Given data ▸
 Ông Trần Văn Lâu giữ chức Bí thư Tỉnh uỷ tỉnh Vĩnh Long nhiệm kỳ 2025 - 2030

==

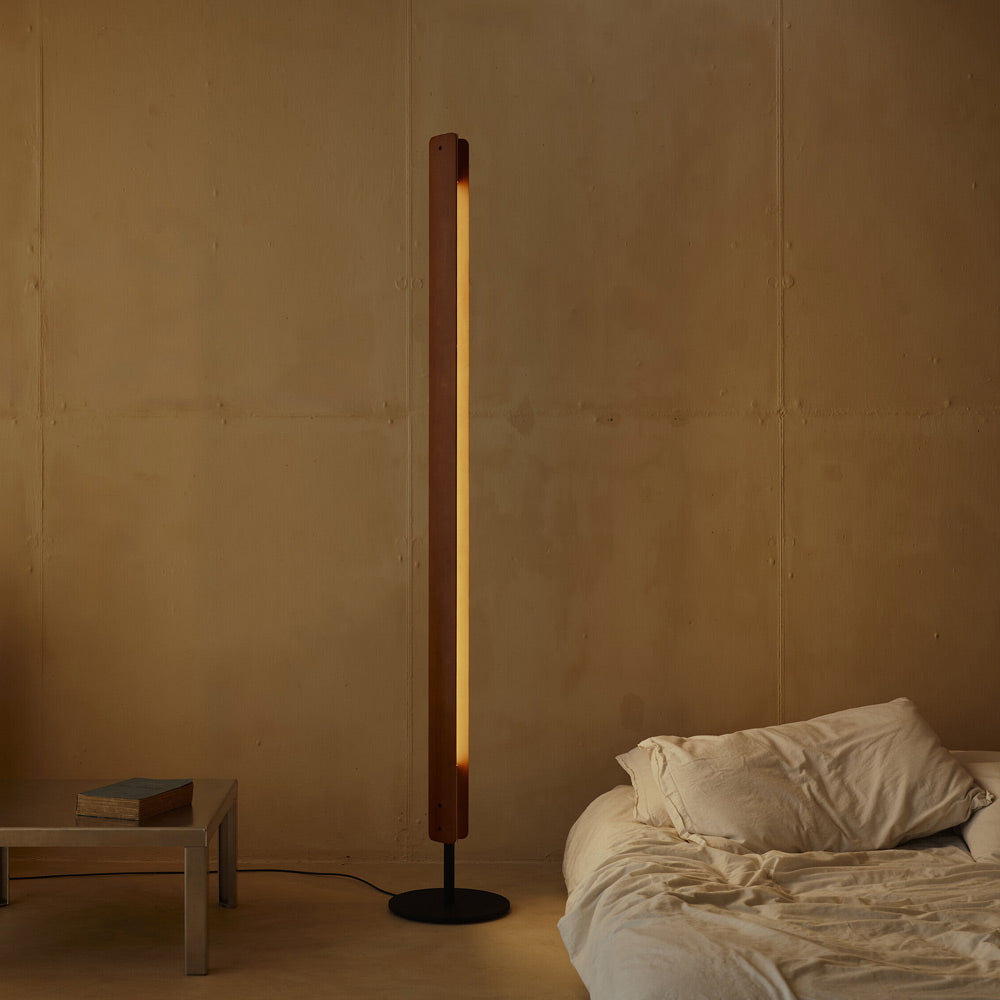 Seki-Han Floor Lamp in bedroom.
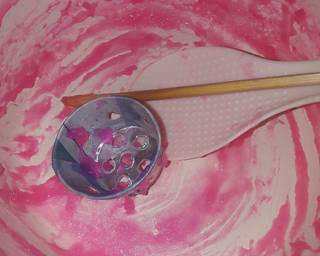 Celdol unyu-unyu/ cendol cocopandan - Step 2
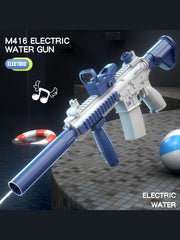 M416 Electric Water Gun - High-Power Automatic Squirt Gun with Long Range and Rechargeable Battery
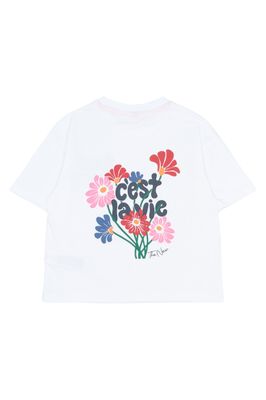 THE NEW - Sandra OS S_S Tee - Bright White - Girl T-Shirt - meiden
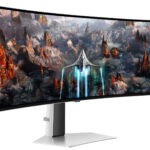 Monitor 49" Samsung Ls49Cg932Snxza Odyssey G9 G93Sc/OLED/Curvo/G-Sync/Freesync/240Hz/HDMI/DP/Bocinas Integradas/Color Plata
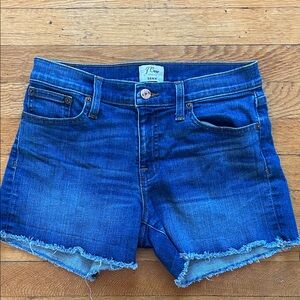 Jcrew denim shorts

==

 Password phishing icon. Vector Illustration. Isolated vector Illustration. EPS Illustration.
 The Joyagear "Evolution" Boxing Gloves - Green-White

Work item ▸ The stretch to restate runs from the line above containing "Seki-Han Floor Lamp in bedroom." through the line containing "Jcrew denim shorts". Copy it word for word, ends included, without pictures.

Your solution ▸
 Seki-Han Floor Lamp in bedroom.
 Celdol unyu-unyu/ cendol cocopandan - Step 2
 M416 Electric Water Gun - High-Power Automatic Squirt Gun with Long Range and Rechargeable Battery
 THE NEW - Sandra OS S_S Tee - Bright White - Girl T-Shirt - meiden
 Monitor 49" Samsung Ls49Cg932Snxza Odyssey G9 G93Sc/OLED/Curvo/G-Sync/Freesync/240Hz/HDMI/DP/Bocinas Integradas/Color Plata
 Jcrew denim shorts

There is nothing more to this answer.